From the Guidelines
Hepatitis B treatment in pregnancy is recommended for women with high viral loads (typically HBV DNA >200,000 IU/mL) starting at 24-28 weeks of gestation to reduce the risk of mother-to-child transmission, as stated in the most recent guidelines 1. The preferred medication is tenofovir disoproxil fumarate (TDF) 300 mg orally once daily, which should be continued until delivery or up to 12 weeks postpartum if the mother has active hepatitis. Some key points to consider in the management of hepatitis B in pregnancy include:
- Treatment is also indicated regardless of viral load for pregnant women with active liver disease (elevated ALT levels) or cirrhosis.
- All infants born to HBsAg-positive mothers should receive hepatitis B immune globulin (HBIG) and the first dose of hepatitis B vaccine within 12 hours of birth, followed by completion of the vaccine series.
- Tenofovir is preferred during pregnancy because it has a good safety profile, high resistance barrier, and effectively reduces viral load, as supported by studies such as 1 and 1.
- Regular monitoring of liver function tests and viral load is important during pregnancy.
- Women with hepatitis B should be screened for hepatitis D co-infection and other liver diseases that may require additional management during pregnancy.
- Breastfeeding is not contraindicated in mothers taking TDF, but the safety of NA therapy during lactation is uncertain, as noted in 1 and 1.
From the FDA Drug Label
In published data from three controlled clinical trials, a total of 327 pregnant women with chronic HBV infection were administered tenofovir disoproxil fumarate from 28 to 32 weeks gestation through 1 to 2 months postpartum and followed for up to 12 months after delivery The treatment of hepatitis B in pregnancy with tenofovir disoproxil fumarate can start from 28 to 32 weeks gestation.
- Key points:
- Tenofovir disoproxil fumarate can be administered during the third trimester of pregnancy.

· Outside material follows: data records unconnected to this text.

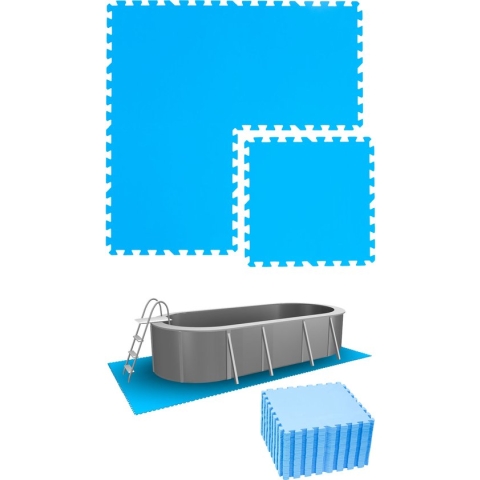 6.6 m² Poolmat - 28 EVA schuim matten 50x50 outdoor poolpad - schuimrubber ondermatten set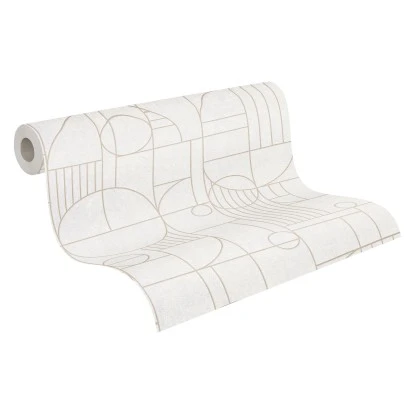 Vliestapete Geometrisch Design Muster Glanz Leicht Strukt. Weiß Gold FSC® – Bild 4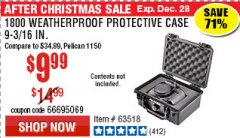 Harbor Freight Coupon APACHE 1800 WEATHERPROOF PROTECTIVE CASE, SMALL, BLACK Lot No. 64550 Expired: 12/28/18 - $9.99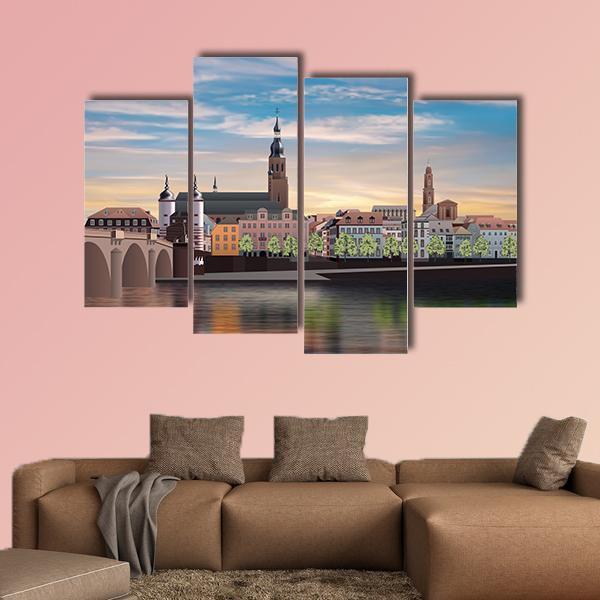 Panorama Of Heidelberg Canvas Wall Art-4 Pop-Gallery Wrap-50" x 32"-Tiaracle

- The decision to treat hepatitis B in pregnancy should be based on the mother's clinical need and the potential benefits and risks to the infant 2.
From the Research
Treatment of Hepatitis B in Pregnancy
- Hepatitis B treatment in pregnancy is recommended for women with significant viremia, typically defined as HBV DNA levels greater than 2 × 10^5 IU/mL or 6 log copies/mL 3, 4.
- The goal of treatment is to reduce the risk of mother-to-child transmission (MTCT) of hepatitis B virus (HBV) 3, 4.
- Antiviral therapy, such as tenofovir disoproxil fumarate (TDF), lamivudine, and telbivudine, can be used to treat HBV in pregnancy 3, 4.
- TDF is considered a first-line treatment option due to its favorable resistance profile and safety data 3, 4.
Timing of Treatment
- Treatment is typically started around 28-32 weeks of gestation 4.
- The exact timing of treatment may vary depending on the individual patient's circumstances and the level of viremia 4.
Safety and Efficacy
- Antiviral therapy during pregnancy has been shown to significantly reduce maternal HBV DNA levels and subsequent reductions in infant HBV infections 3.
- TDF has been associated with mild gastrointestinal distress and potential decreased fetal bone growth, but the clinical significance of this finding is still being evaluated 3.
- Lamivudine and telbivudine have been shown to be inferior to TDF in terms of resistance profiles 3.
Additional Recommendations
- All pregnant women should be screened for hepatitis B surface antigen (HBsAg) and antibody to HBsAg 4, 5.
- HBsAg-positive pregnant women should undergo further workup for liver status and indicative factors for immunoprophylaxis failure 4.
- Breastfeeding is not contraindicated in women with HBV infection, as long as the infant receives immunoprophylaxis at birth (HBV vaccination and hepatitis B immunoglobulin) 4, 5.